Exercise data section start
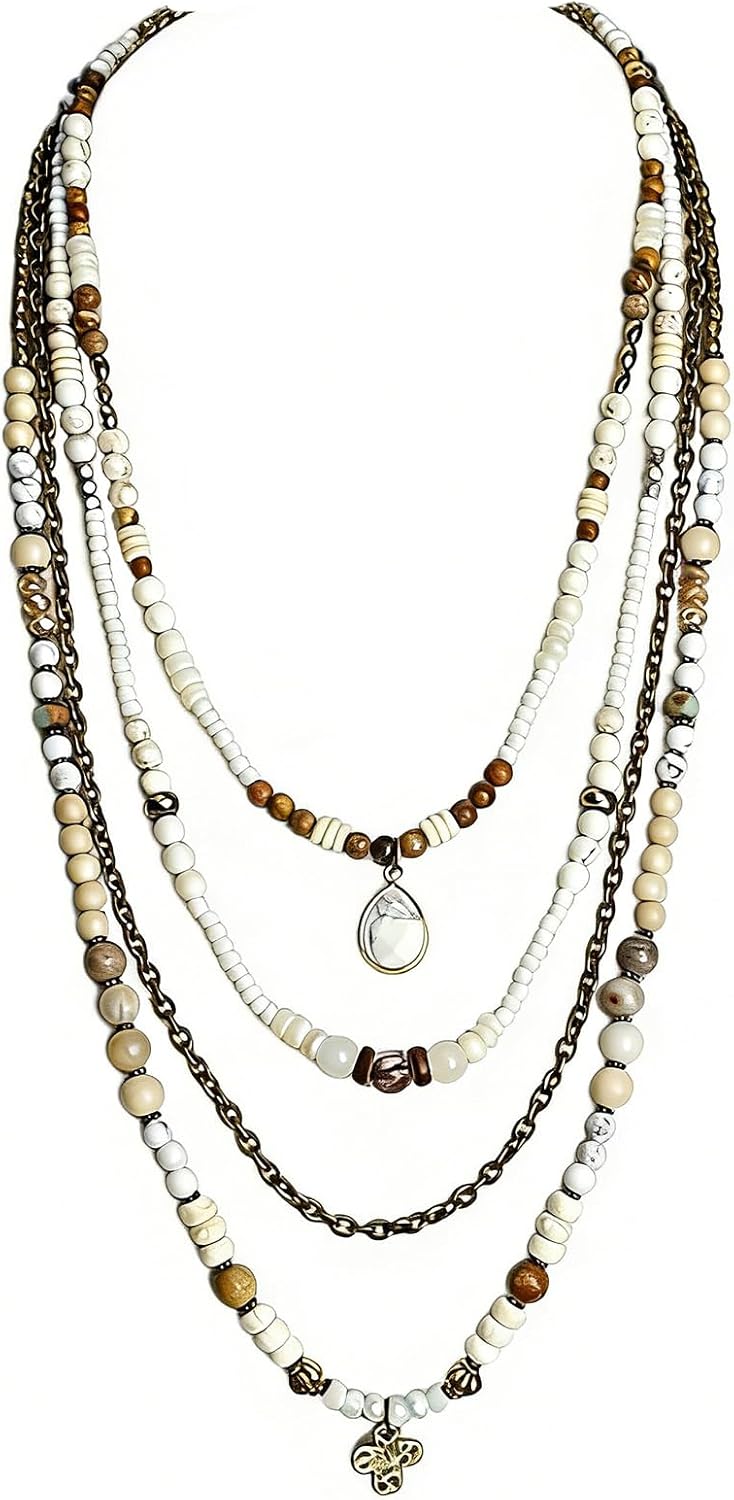 Four-strand layered necklace of mixed stone, wood and glass beads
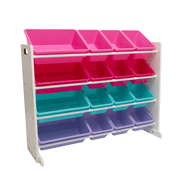 Humble Crew Storage Organizer with 16 Plastic Bins for Kids & Toddlers, White/Pink/Purple/Turquoise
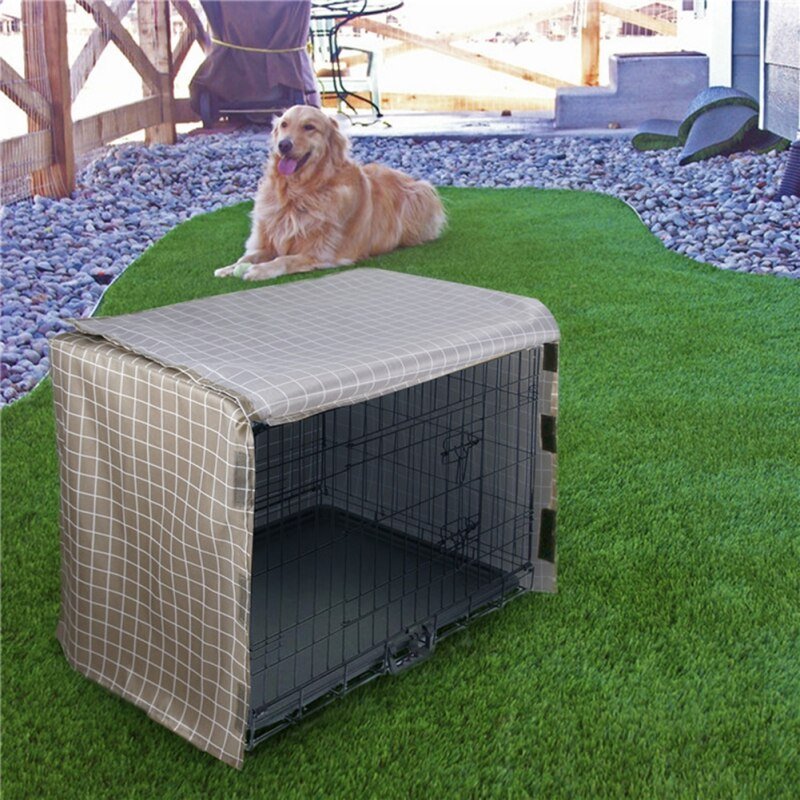 Dog Kennel House Cover Waterproof Dust-proof Durable Oxford Dog Cage Cover Foldable Washable Outdoor Pet Kennel Cover-7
Exercise data section end
● **Work item**
Without including any image, reproduce the full listing above as written.

● **Output**
 Four-strand layered necklace of mixed stone, wood and glass beads
 Humble Crew Storage Organizer with 16 Plastic Bins for Kids & Toddlers, White/Pink/Purple/Turquoise
 Dog Kennel House Cover Waterproof Dust-proof Durable Oxford Dog Cage Cover Foldable Washable Outdoor Pet Kennel Cover-7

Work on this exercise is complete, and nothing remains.